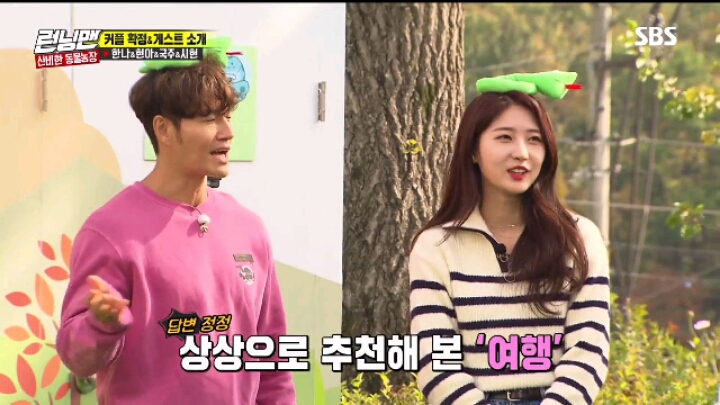 [런닝맨] 강한나 이별 토크 | 인스티즈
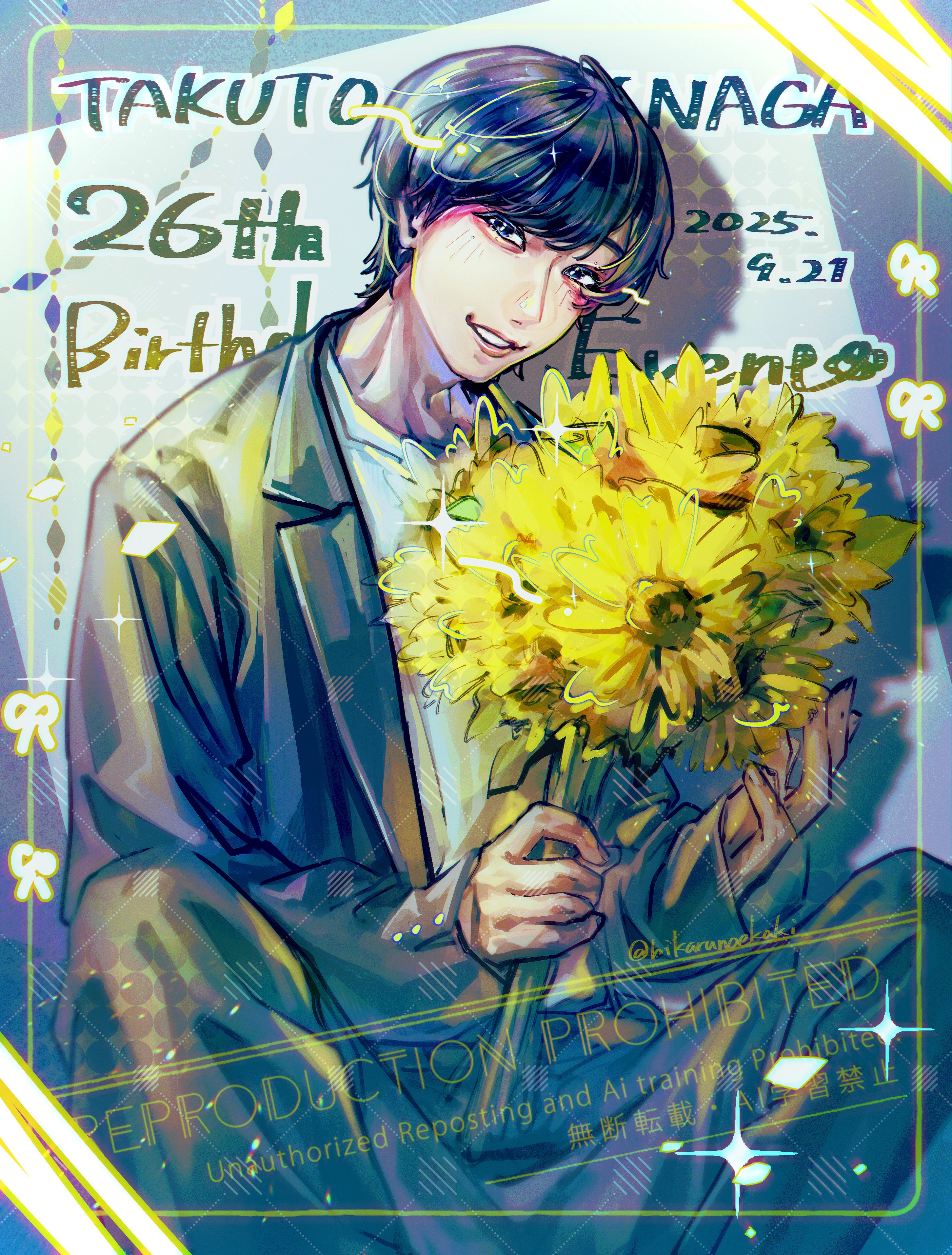 吉永拓斗 ブロマイド 【89点】 3ページ目：吉永拓斗｜アニメキャラ・プロフィール・出演情報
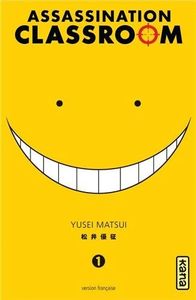 Assassination Classroom 1 & 2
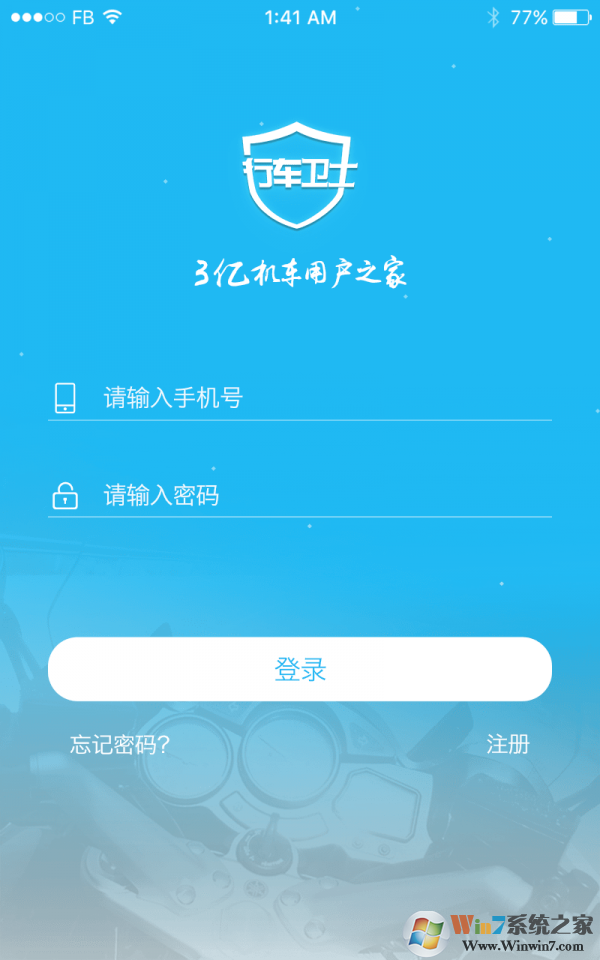 行車衛士移動版
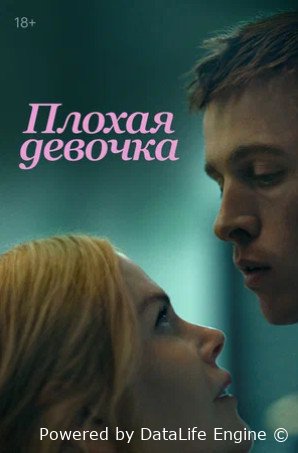 Плохая девочка (2024)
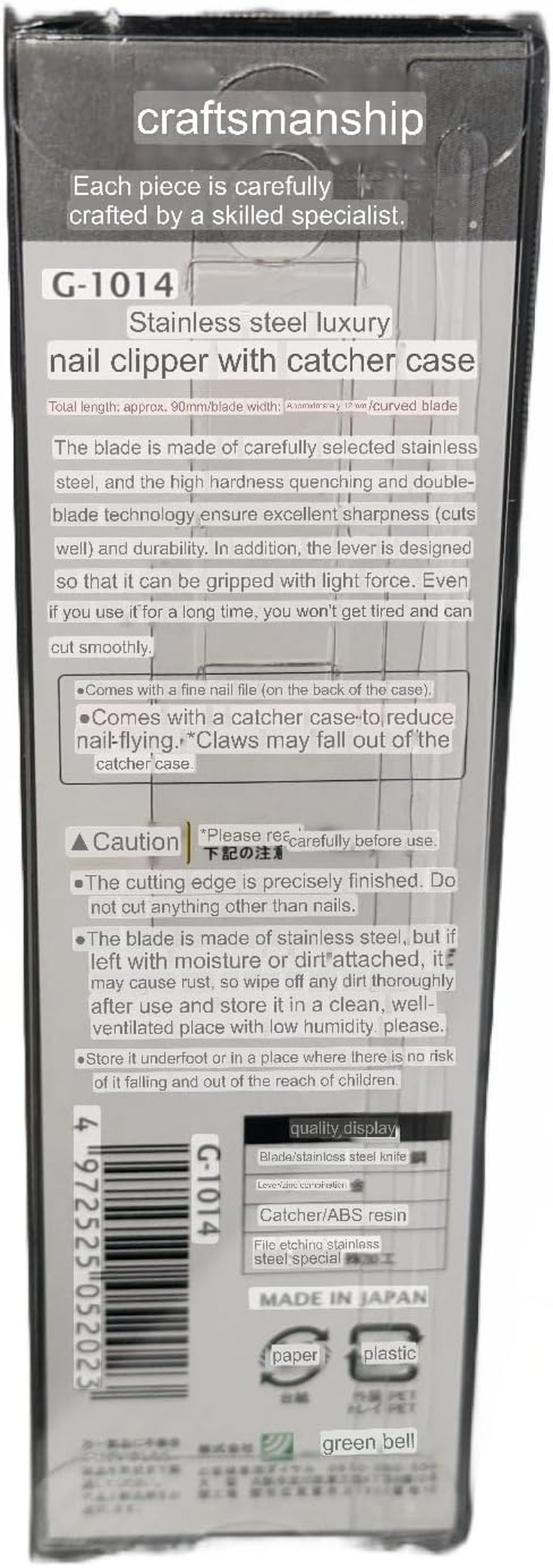 Green Bell G-1014 Nail Clippers Curve Blade Japanese Made image number 3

• WORK TO COMPLETE: Repeat the material line for line. Pictures stay out of the copy.

• WRITTEN ANSWER:
 [런닝맨] 강한나 이별 토크 | 인스티즈
 吉永拓斗 ブロマイド 【89点】 3ページ目：吉永拓斗｜アニメキャラ・プロフィール・出演情報
 Assassination Classroom 1 & 2
 行車衛士移動版
 Плохая девочка (2024)
 Green Bell G-1014 Nail Clippers Curve Blade Japanese Made image number 3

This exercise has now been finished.